Se nos murió el mejor de los actores con 94 años, el muy pícaro, el sutil, el capaz, don Michel Piccoli, y hasta ahora no le había dedicado ni una línea, distraído como soy. Si una persona, después de todo, sólo tiene la importancia que le dan los demás y no la que uno, de manera idiota, se cree que tiene, es verdad que a cualquier hombre le gustaría pasar por esta vida traidora dejando un recuerdo tan agradable, tan arraigado, tan limpio. Tan poco estridente y tan entusiasta. Y como Francia es Francia, y allí las mujeres tienen realmente algo que decir sobre sus fetiches masculinos, algo cierto y de verdad, fuera de los lugares comunes de la retórica obituaria, pues ya lo tenemos. La evocación al fornicio siempre nos termina protegiendo de la muerte como un antiguo hechizo, como una espontánea celebración de la vida. Catherine Deneuve dijo a la prensa que cree que, ellos dos, se dedicaron sólo a trabajar en las once películas que hicieron juntos, sin mucho tiempo para conocerse mejor, más a fondo. “Fue un hombre al que habría podido amar” —“Un homme que j’aurais pu aimer”:— evocando la conocida ambigüedad del verbo francés aimer, que igual sirve para un roto como para un descosido. La Bardot, por su parte, con su estilo más directo, más cercano, ha ido por ese mismo camino de perfección, y explicó por Twitter que Michel Piccoli “tenía talento, sentido del humor, y le gustaba mi culo”. No podemos precisar si lo ha dicho por la famosa escena de Le Mépris, la formidable película de Jean-Luc Godard, o por un conocimiento más intenso.

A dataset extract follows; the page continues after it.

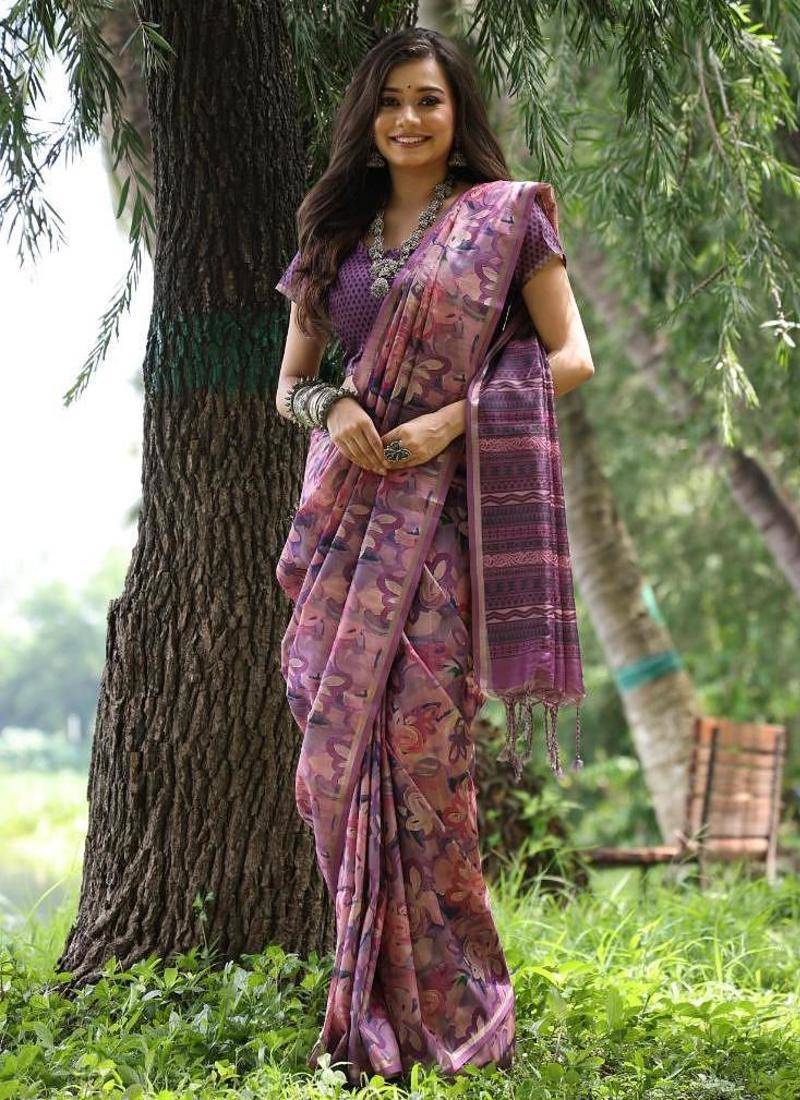 Purple color tussar silk unique print zari weaving border saree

Piccoli fue el furor del vivir calmoso, el actor que representaba una manera de vivir que oscilaba entre la perplejidad, el desengaño, la serenidad y la alegría más indestructible. La sonrisa de niño del actor, poderoso e indomable, está tan bien acabada como la tranquilidad de su gesto intrascendente, pleno, lleno de verdad cotidiana, de identidad masculina, entre única y ordinaria. Pocos actores han sabido encarnar la vez lo más singular y lo más vulgar de la condición humana. Quizá por eso uno de mis filmes favoritos sea, probablemente la cinta minimalista de Manoel d’Oliveira, Vou para casa (2001), una historia sin historia, que podríamos resumir como el reportaje de los últimos días de un viejo actor antes de morir. Un personaje que se compra unos zapatos nuevos y que inesperadamente le robarán, puestos, como la vida que un buen día te la sacan sin más. Michel Piccoli fue el oficio bien hecho, la artesanía del actor que sabe perfectamente lo que hace aunque, a veces, el espectador no acabe de captar su juego. Fue muchos años calvo, elegante, jodidamente distinguido, extravagante, tierno, recatado, a veces incluso lejano, siempre fresco como una fruta que no te ahorra ni el sabor ni el conocimiento intuitivo. Decían los directores de cine que no había que darle instrucciones, que a Piccoli no se le podía dirigir porque sólo hacía de Piccoli, que llevaba el papel aprendido y que sabía perfectamente cómo desarrollar el personaje que tenía marcado. Y no se repetía, siempre parecía nuevo, como recién estrenado, el pequeño. Era muy grande.